Again, I would refer you to the startling video and to the computer issue that drew authorities to investigate Jones. How in any rational scenario can police justify such a guns-drawn, hyper-aggressive entry to make a simple search in the home of a woman they have no reason to believe will react with violence?

Why Florida can't get its story straight on Covid numbers
After the killing of Breonna Taylor, fatally shot in her own bed at night when police burst through her front door, more attention has been focused on the dangerous and often deadly use of no-knock warrants. But it’s not just those extreme cases that are troubling.
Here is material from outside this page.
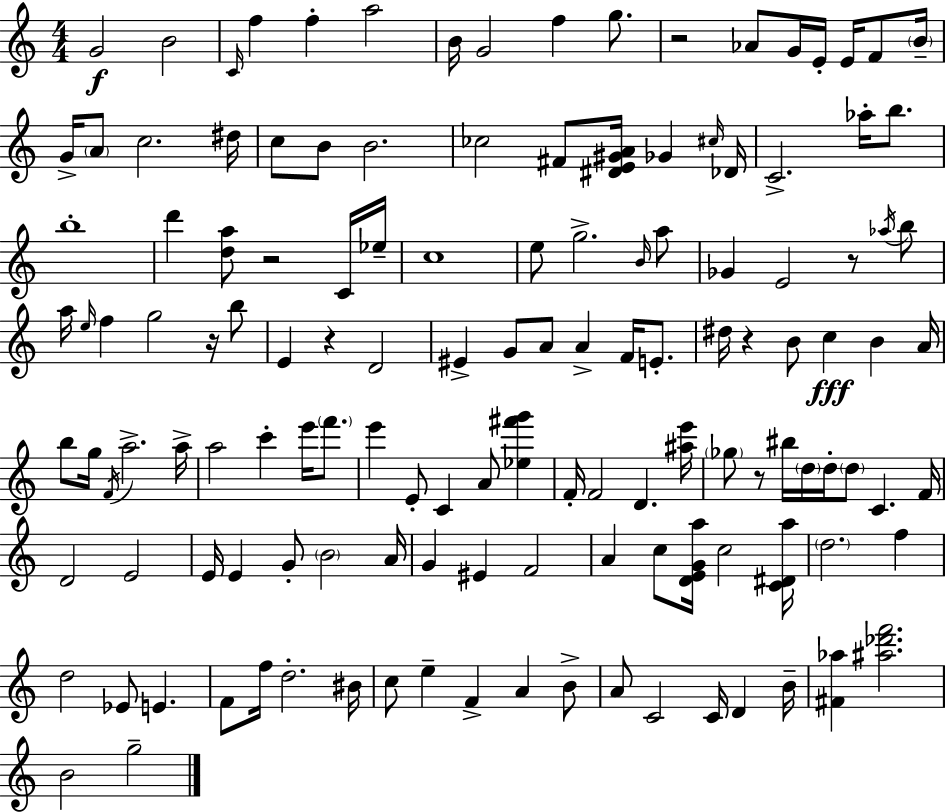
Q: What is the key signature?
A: A minor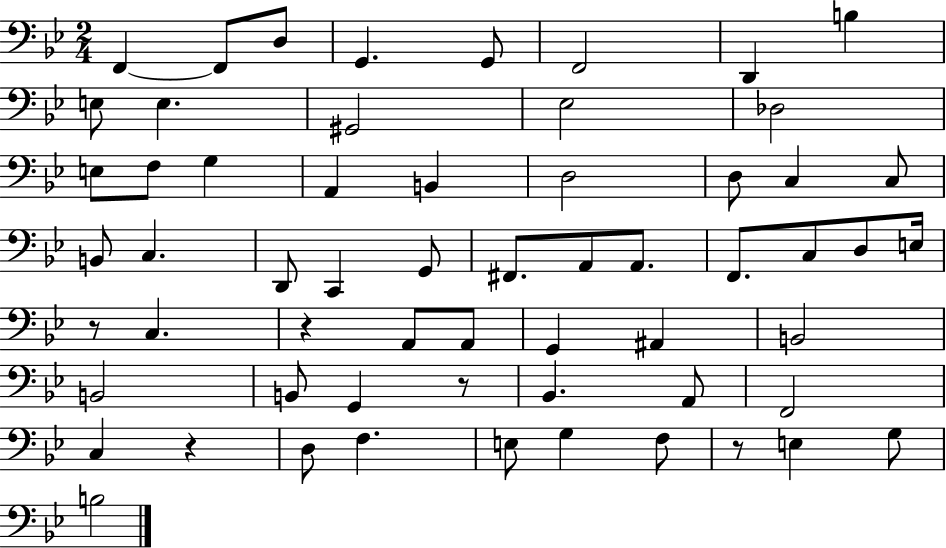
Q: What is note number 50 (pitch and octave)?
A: E3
American police are armed to the hilt. This is partly because our exceptionally lax gun laws mean there are an absurd number of armed people walking the streets, and partly because American policing has too often become a hyper-macho militaristic enterprise wherein some cops aren’t so much serving their communities as using the threat of force (and billions of dollars of military equipment straight from the Department of Defense) to dominate them.
In more than a dozen countries, including the United Kingdom, the police typically don’t carry guns. There’s little chance of that happening in the gun-happy United States anytime soon. But we should ask why the police need to send a heavily armed team, guns drawn, to execute a search warrant in the home of a person suspected of a nonviolent crime. Why risk escalating a simple search into something terrifying and potentially lethal?
These officers likely did nothing technically wrong; it very well may be department policy to carry out simple raids with this appalling level of aggression and intimidation. And as a White woman, Jones is statistically far less likely to be killed or injured by a cop than, say, a young black man, one in 1,000 of whom can expect to be killed by a police officer.

We should be asking why the police, whose salaries are paid with our tax dollars and who are tasked with protecting and serving our communities, behave with such hostility toward the people who are being policed — instead of treating them with dignity — and rely so heavily on lethal weapons to induce terror to get what they want.